### Assignment
Could you retype every line of the data underneath without altering anything?

### Supplied material

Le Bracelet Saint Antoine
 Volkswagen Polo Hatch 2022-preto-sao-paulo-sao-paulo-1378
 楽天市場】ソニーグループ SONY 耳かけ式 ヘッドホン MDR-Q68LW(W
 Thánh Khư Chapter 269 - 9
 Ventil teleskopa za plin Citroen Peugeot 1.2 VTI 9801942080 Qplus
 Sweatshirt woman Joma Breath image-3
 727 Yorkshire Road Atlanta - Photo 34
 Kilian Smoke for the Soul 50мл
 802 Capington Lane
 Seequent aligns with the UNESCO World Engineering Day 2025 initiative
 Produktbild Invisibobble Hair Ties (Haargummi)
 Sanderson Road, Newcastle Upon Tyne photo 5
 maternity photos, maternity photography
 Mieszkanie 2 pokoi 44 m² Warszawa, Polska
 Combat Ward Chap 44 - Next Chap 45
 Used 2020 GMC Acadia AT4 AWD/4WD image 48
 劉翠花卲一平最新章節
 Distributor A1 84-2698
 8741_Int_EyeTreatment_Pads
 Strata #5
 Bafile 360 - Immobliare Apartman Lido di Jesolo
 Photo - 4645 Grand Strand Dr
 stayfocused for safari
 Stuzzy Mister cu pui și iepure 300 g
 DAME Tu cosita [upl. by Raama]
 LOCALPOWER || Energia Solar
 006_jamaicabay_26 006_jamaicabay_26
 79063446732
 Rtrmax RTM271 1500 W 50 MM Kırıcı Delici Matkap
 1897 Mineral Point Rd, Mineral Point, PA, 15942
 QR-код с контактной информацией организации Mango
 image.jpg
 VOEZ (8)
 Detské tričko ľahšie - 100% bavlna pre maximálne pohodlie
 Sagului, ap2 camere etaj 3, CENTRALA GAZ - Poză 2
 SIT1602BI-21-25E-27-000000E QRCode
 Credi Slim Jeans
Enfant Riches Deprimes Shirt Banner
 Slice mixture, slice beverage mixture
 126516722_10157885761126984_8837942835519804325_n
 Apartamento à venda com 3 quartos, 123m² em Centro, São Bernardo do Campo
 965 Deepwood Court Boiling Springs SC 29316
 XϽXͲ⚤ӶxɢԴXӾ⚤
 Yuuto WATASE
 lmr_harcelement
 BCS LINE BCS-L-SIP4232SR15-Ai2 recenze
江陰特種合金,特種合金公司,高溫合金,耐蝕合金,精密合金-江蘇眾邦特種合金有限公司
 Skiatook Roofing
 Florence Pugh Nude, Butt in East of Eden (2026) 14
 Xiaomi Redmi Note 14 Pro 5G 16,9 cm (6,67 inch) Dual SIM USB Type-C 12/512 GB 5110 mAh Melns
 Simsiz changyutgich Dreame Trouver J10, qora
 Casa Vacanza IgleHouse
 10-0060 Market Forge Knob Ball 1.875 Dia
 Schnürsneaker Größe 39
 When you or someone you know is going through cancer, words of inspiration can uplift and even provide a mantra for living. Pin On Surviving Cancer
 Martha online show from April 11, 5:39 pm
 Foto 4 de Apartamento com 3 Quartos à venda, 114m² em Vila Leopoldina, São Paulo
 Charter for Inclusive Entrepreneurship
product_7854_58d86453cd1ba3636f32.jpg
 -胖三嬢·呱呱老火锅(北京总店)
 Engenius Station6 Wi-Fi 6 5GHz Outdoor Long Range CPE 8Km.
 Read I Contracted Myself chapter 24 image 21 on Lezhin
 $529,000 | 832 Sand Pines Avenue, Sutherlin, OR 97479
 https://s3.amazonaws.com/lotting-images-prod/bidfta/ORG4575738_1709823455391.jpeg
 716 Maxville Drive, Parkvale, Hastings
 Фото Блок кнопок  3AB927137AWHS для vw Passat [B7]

### Written reply
Le Bracelet Saint Antoine
 Volkswagen Polo Hatch 2022-preto-sao-paulo-sao-paulo-1378
 楽天市場】ソニーグループ SONY 耳かけ式 ヘッドホン MDR-Q68LW(W
 Thánh Khư Chapter 269 - 9
 Ventil teleskopa za plin Citroen Peugeot 1.2 VTI 9801942080 Qplus
 Sweatshirt woman Joma Breath image-3
 727 Yorkshire Road Atlanta - Photo 34
 Kilian Smoke for the Soul 50мл
 802 Capington Lane
 Seequent aligns with the UNESCO World Engineering Day 2025 initiative
 Produktbild Invisibobble Hair Ties (Haargummi)
 Sanderson Road, Newcastle Upon Tyne photo 5
 maternity photos, maternity photography
 Mieszkanie 2 pokoi 44 m² Warszawa, Polska
 Combat Ward Chap 44 - Next Chap 45
 Used 2020 GMC Acadia AT4 AWD/4WD image 48
 劉翠花卲一平最新章節
 Distributor A1 84-2698
 8741_Int_EyeTreatment_Pads
 Strata #5
 Bafile 360 - Immobliare Apartman Lido di Jesolo
 Photo - 4645 Grand Strand Dr
 stayfocused for safari
 Stuzzy Mister cu pui și iepure 300 g
 DAME Tu cosita [upl. by Raama]
 LOCALPOWER || Energia Solar
 006_jamaicabay_26 006_jamaicabay_26
 79063446732
 Rtrmax RTM271 1500 W 50 MM Kırıcı Delici Matkap
 1897 Mineral Point Rd, Mineral Point, PA, 15942
 QR-код с контактной информацией организации Mango
 image.jpg
 VOEZ (8)
 Detské tričko ľahšie - 100% bavlna pre maximálne pohodlie
 Sagului, ap2 camere etaj 3, CENTRALA GAZ - Poză 2
 SIT1602BI-21-25E-27-000000E QRCode
 Credi Slim Jeans
Enfant Riches Deprimes Shirt Banner
 Slice mixture, slice beverage mixture
 126516722_10157885761126984_8837942835519804325_n
 Apartamento à venda com 3 quartos, 123m² em Centro, São Bernardo do Campo
 965 Deepwood Court Boiling Springs SC 29316
 XϽXͲ⚤ӶxɢԴXӾ⚤
 Yuuto WATASE
 lmr_harcelement
 BCS LINE BCS-L-SIP4232SR15-Ai2 recenze
江陰特種合金,特種合金公司,高溫合金,耐蝕合金,精密合金-江蘇眾邦特種合金有限公司
 Skiatook Roofing
 Florence Pugh Nude, Butt in East of Eden (2026) 14
 Xiaomi Redmi Note 14 Pro 5G 16,9 cm (6,67 inch) Dual SIM USB Type-C 12/512 GB 5110 mAh Melns
 Simsiz changyutgich Dreame Trouver J10, qora
 Casa Vacanza IgleHouse
 10-0060 Market Forge Knob Ball 1.875 Dia
 Schnürsneaker Größe 39
 When you or someone you know is going through cancer, words of inspiration can uplift and even provide a mantra for living. Pin On Surviving Cancer
 Martha online show from April 11, 5:39 pm
 Foto 4 de Apartamento com 3 Quartos à venda, 114m² em Vila Leopoldina, São Paulo
 Charter for Inclusive Entrepreneurship
product_7854_58d86453cd1ba3636f32.jpg
 -胖三嬢·呱呱老火锅(北京总店)
 Engenius Station6 Wi-Fi 6 5GHz Outdoor Long Range CPE 8Km.
 Read I Contracted Myself chapter 24 image 21 on Lezhin
 $529,000 | 832 Sand Pines Avenue, Sutherlin, OR 97479
 https://s3.amazonaws.com/lotting-images-prod/bidfta/ORG4575738_1709823455391.jpeg
 716 Maxville Drive, Parkvale, Hastings
 Фото Блок кнопок  3AB927137AWHS для vw Passat [B7]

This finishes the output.